A couple of years ago, I realised that glitter is, in fact, almost always plastic and therefore non-biodegradable. We haven’t bought any new glitter since. Having discovered the truth about glitter I was then confronted with what to use as an alternative. I had to come up with something to provide the razzle, dazzle, glitz and glam to the endless array of craft productions in our house. To begin with, I steered my kids into environmentally friendly (and cheaper) alternatives. We picked up acorn shells, autumn leaves, feathers, and even sand. We used flower petals too. We had a lot of fun, but it isn’t quite the same as glitter.
What did people use before glitter? I pondered this question for a while and then asked my mum who trained to be a kindy teacher in the 1950’s, “what on earth did you do before there was glitter?” Back then glitter was really expensive and was usually made from powdered glass. She suggested using dyed crushed up eggshells. Brilliant! I tried it, the kids loved it, and they could also be involved in the manufacturing process from beginning to end. We saved eggshells for weeks, and then we washed and dried them. I boiled water, added food colouring and a teaspoon of white vinegar (to set the colour) and added eggshells. I left them to sit in the hot dye till they looked nice and bright. Then we took them out and left them to dry in the sun on a paper towel. Magic! Bright and vibrant, the kids were instantly attracted to them. Once they had dried, the kids had a fabulous time crushing them up in their fingers on a tray. The end result was as fine or as coarse as you want to make it.

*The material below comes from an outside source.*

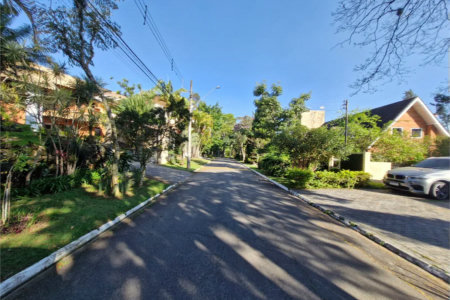 Casa à venda com 4 suítes no condomínio Villa Viana II, Cotia - SP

The kids used it instead of glitter without any complaints. To my eyes it actually made for brighter pictures because glitter can appear dark if the light isn’t catching it but the coloured eggshells look bright from every angle.

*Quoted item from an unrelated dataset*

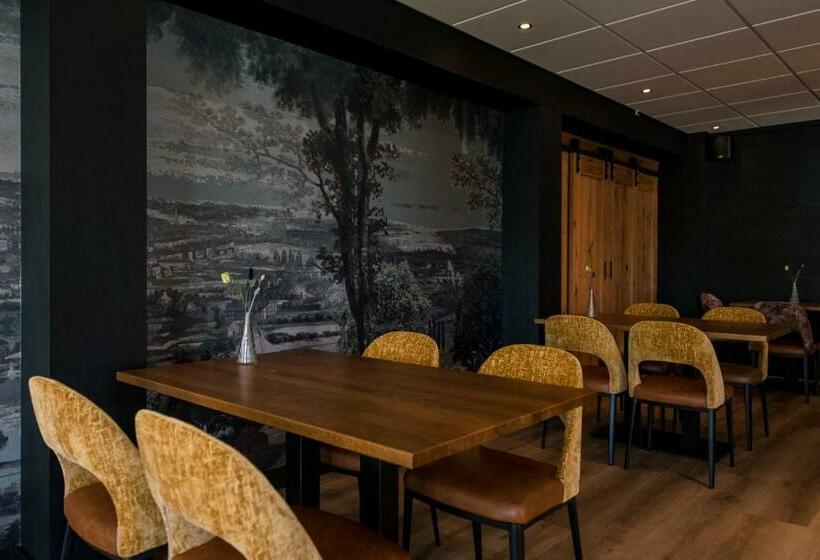 Quarto Estandar com Sacada, Hofker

Another technique is to dye rice, different shaped pasta, or couscous using hand sanitiser instead of water. This process is interesting because there are so many pasta shapes out there. You can even get alphabet pasta and dye that.

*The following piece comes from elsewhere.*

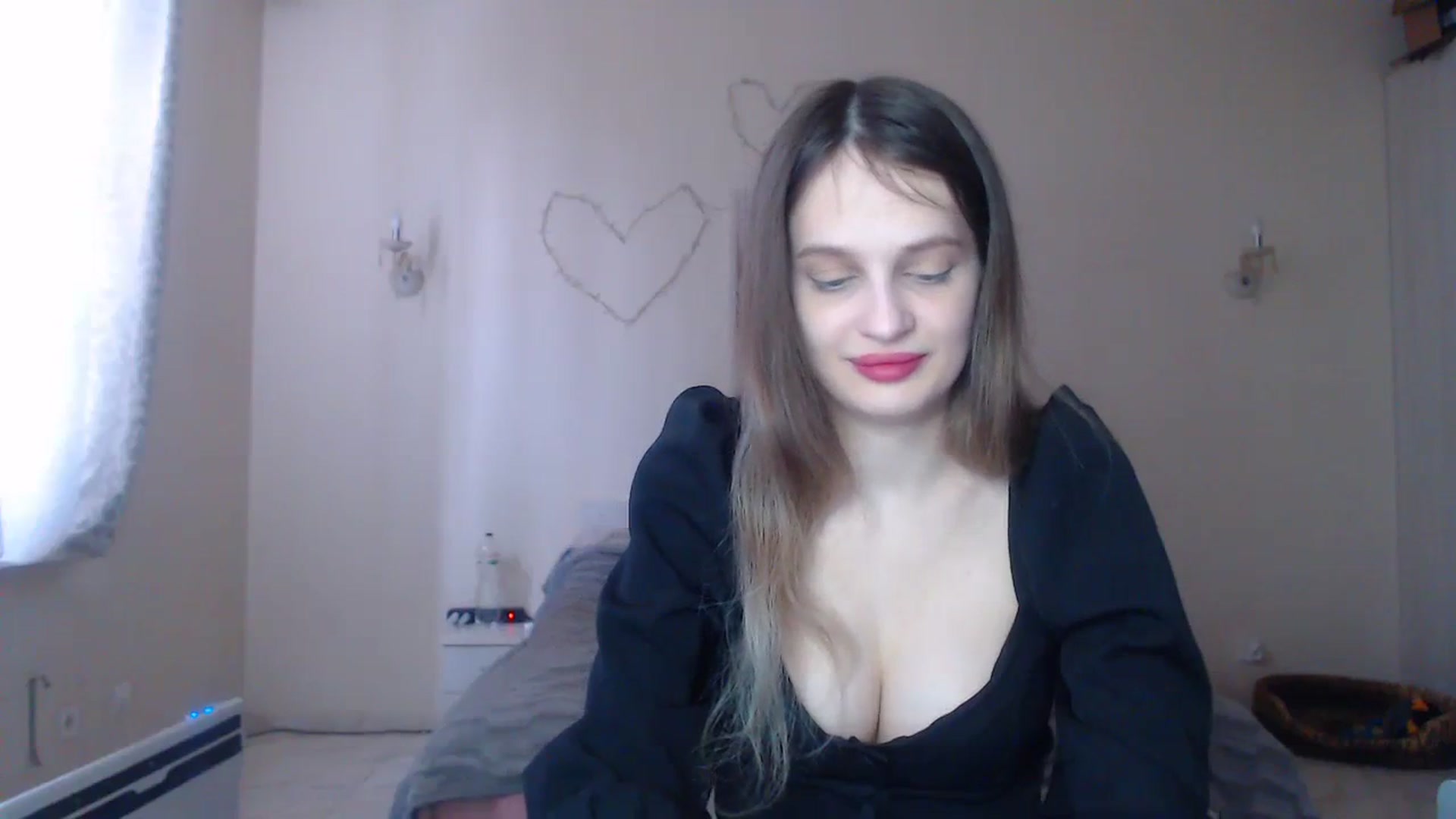 Gallery image thumbnail from Lola_vi's myfreecams stream on, 03/04/2024, 13:01 image 18 of 20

I wanted to see how successful dying pasta and rice would actually be, and so I set about dying small amounts of rice and pasta using hand sanitizer and food colouring. The results were lovely and bright. I left the coloured rice and pasta on plates to dry overnight. Next morning I showed my efforts to my 5 and a half year old son and 8 year old daughter as they ate breakfast. I asked what they thought of it and they were very impressed. So much so that I later caught my little boy setting up for a full-on craft extravaganza at the table with paper, glue, and glitter alternatives all set out ready for action. He was super keen to get started, before I had even had a chance to photograph the glitter alternatives for this blog post! I think that is an indication of how bright and enticing the finished product is. All three of my kids are really keen on these alternatives to craft glitter. It has all been a huge success. The whole process is great, from preparing them to using them, and it is a learning experience as well.
Here in New Zealand we have a word – Kaitiaki. It means guardians. That is how we should all see ourselves, as guardians of our land and the creatures we share it with. Today I showed my kids that we don’t need plastic glitter. It is just one step, but it is a step in the right direction. Why not give it a try. Kick the glitter habit and try plastic free craft fun.